Mares have higher incidence of ovarian tumours (teratoma, cystadenoma, dysgerminoma, granulosa-theca cell) compared to other domestic animals. The occurance ranges from 2.5% to 6% of all equine cancers. Mares with ovarian tumours tend to have reproductive dysfunction and exhibiting stallion-like behaviour. The tumour occurs in cells that naturally produce sex hormone causing an overproduction of estrogen and testosterone. Ovarian cancer most frequently occur in mares ages 5 to 9 years.
Geldings and stallions are susceptible to the same cancer condition as human. Prostate cancer in male horses in the horse racing industry is becoming more of a problem because horses are exposed to abnormal external and internal factors. Most cancer incidence occurs in the sheath, penis and glands in the form of cauliflower growths as a sarcoma, sarcoid or melanoma. The presence of prostate cancer can be insidious before it can be detected.

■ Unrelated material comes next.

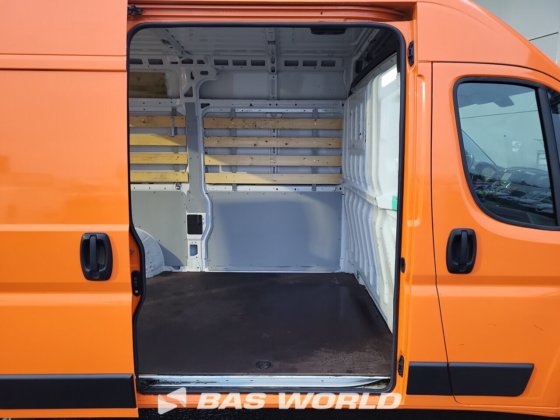 オペル モヴァーノ 165PK クローズドボックスバン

Testicular cancer is uncommon in stallions and geldings as most male horses are castrated at an early age. Tumour of the testicles can either be germ cell tumours or non-germinal tumours. Seminoma and teratoma are forms of germ cell tumour that usually affects the aging stallion. These tumours are usually round or oval in shape that is usually found in the abdominal testicles. They are rarely malignant but can cause increased testosterone production.
Horses can contract cancer too. Diagnosis is often made from clinical signs such as masses, weight loss, anaemia, skin crusting, scaling, high heart rate, edema of belly and legs, fever, coughing, diarrhoea and a variety of other symptoms caused by the tumours that affect the tissue they are close to. Diagnosis can be difficult if tumours are not visible. A biopsy of the tumour can confirm the diagnosis, but it can also be tricky as the procedure can introduce tumour into the blood stream and spread the cancer further.
Horse cancer, any medical clues for us humans? The research continues in finding a solution to horse cancer, as in the case in human medicine. The same treatment approaches that have been successful with humans also work for horses, opening the doors to a variety of options for horse owners other than radical surgery. The treatment choices for horses with malignant or benign tumours include chemotherapy, radiation therapy, combination surgery with chemotherapy and alternative therapy. One effective strategy for treating cancer in human medicine is the use of DNA vaccines that target cancer cells. A new cancer vaccine for horses is in the works. The proponents are currently conducting field trials in horses with tumours. The DNA vaccine used in this study appears promising as the immune system is stimulated to attack foreign bodies.
Horse owners who have a horse diagnosed with cancer or suspect cancer in their horse should seek immediate medical advice. Endeavour to build a qualified team to help with the nutritional plan to aid the healing process. Healing cancer depends on the destruction of cancer cells and the correction of the underlying causes. To reduce the impact of cancer, the greatest horse ally is an educated owner. Horse owners can always draw hope as dedicated researchers and healers are continuing to study the different options to treat horse cancer in new ways.